● What you have to do: From the line containing "Snow Plows in" to the final line of the entries, copy each line exactly. Pictures stay out.

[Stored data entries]
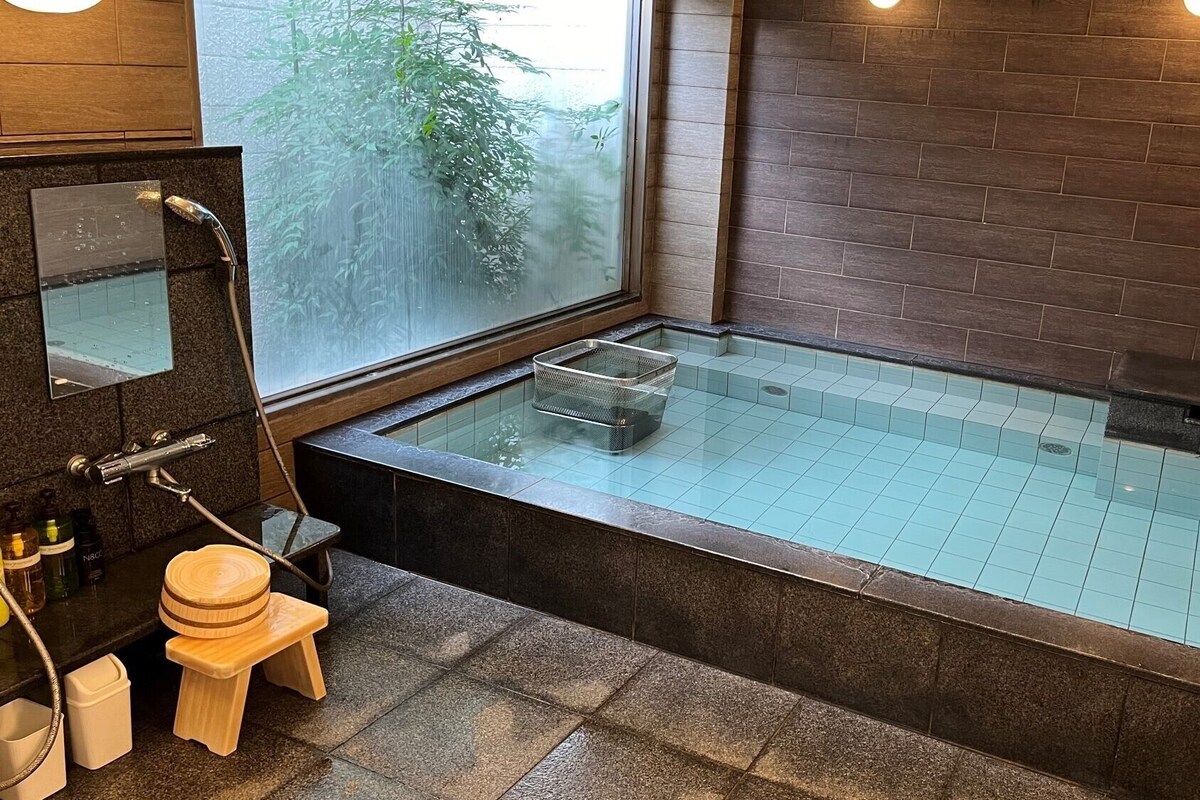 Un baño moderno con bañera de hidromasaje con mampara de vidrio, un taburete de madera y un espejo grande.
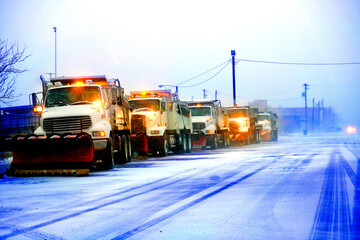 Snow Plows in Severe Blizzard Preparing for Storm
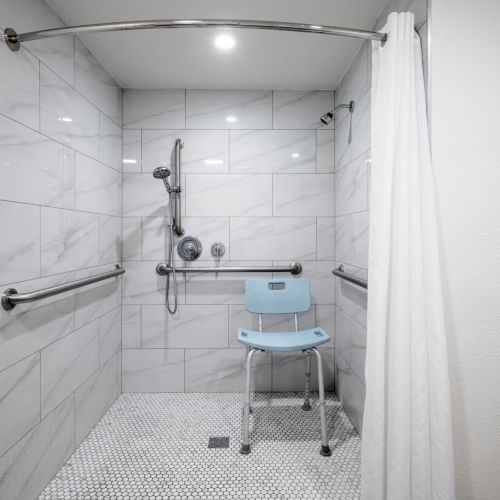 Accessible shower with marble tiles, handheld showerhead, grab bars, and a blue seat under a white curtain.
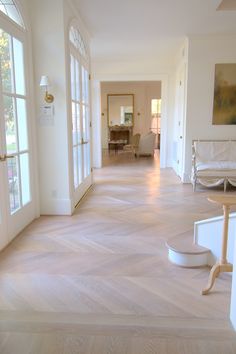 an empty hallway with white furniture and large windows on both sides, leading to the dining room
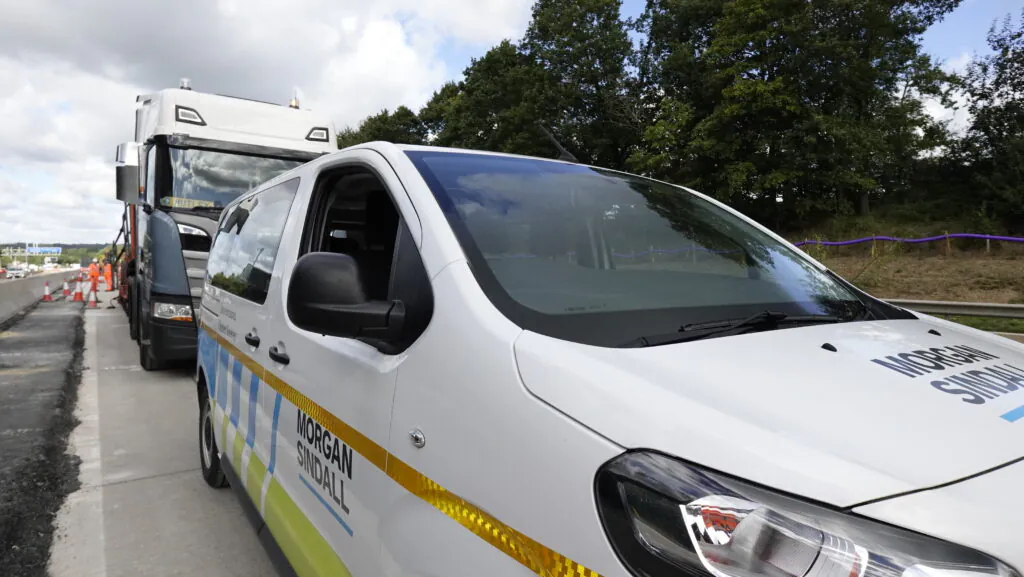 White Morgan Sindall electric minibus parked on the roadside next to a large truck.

● Reply:
 Snow Plows in Severe Blizzard Preparing for Storm
 Accessible shower with marble tiles, handheld showerhead, grab bars, and a blue seat under a white curtain.
 an empty hallway with white furniture and large windows on both sides, leading to the dining room
 White Morgan Sindall electric minibus parked on the roadside next to a large truck.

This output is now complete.